The word he doesn't use, but I will, is empathy.
Why Feeling Beats Thinking in Depression Recovery
What often helps in recovery is not more thinking, but more contact: with feelings, with other people, with the body, with the present moment, with things that matter. Wallace suggests that the way out of situational depression is connection with others—that compassion for another person's possible heartbreak is the "stop" button on those tapes playing like demonic muzak in our minds.
In my mindfulness practice, we settle into meditation, tune into our breathing, and then notice without judgment what the mind is doing. I call it "watching the movies." Sometimes it's too overwhelming and we have to "touch and go"—visiting a thought briefly, then returning to the breath. Later we can practice "going under"—staying with a thought long enough to experience the feeling underneath it, and allowing ourselves to feel it fully.

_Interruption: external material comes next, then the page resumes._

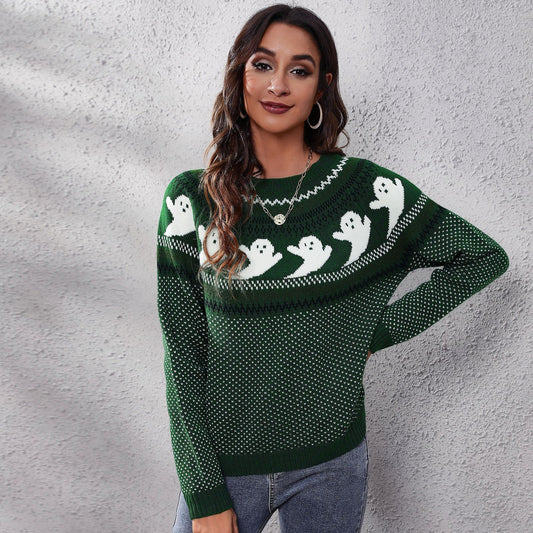 Women's Vintage Long-sleeved Knitwear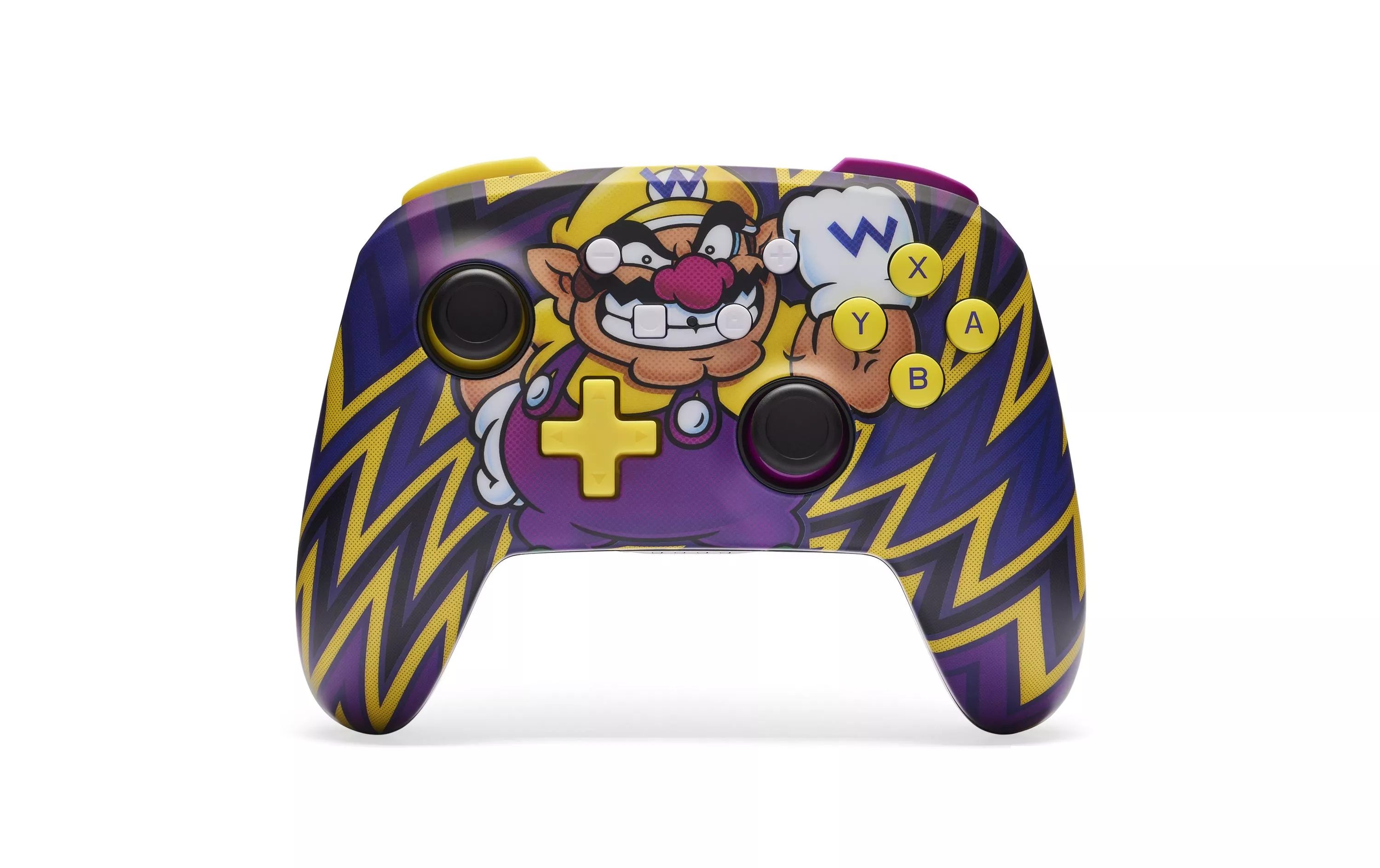 Enhanced Wireless Controller Wario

Thinking harder about a mental health issue almost never helps. But attending to a felt sense—what's happening in your body, what you can see and hear around you, an emotion rising up—can be a foundational step toward recovery.
A good meditation instructor will tell you never to seek any outcome through practice. It's not supposed to make you feel better. Leaving a session feeling frustrated doesn't mean you're doing it wrong—it means you're feeling feelings. But like so many paradoxes in meditation, we may find that feeling the feelings is exactly the key to detaching from a self-destructive default mode. And we feel better after all.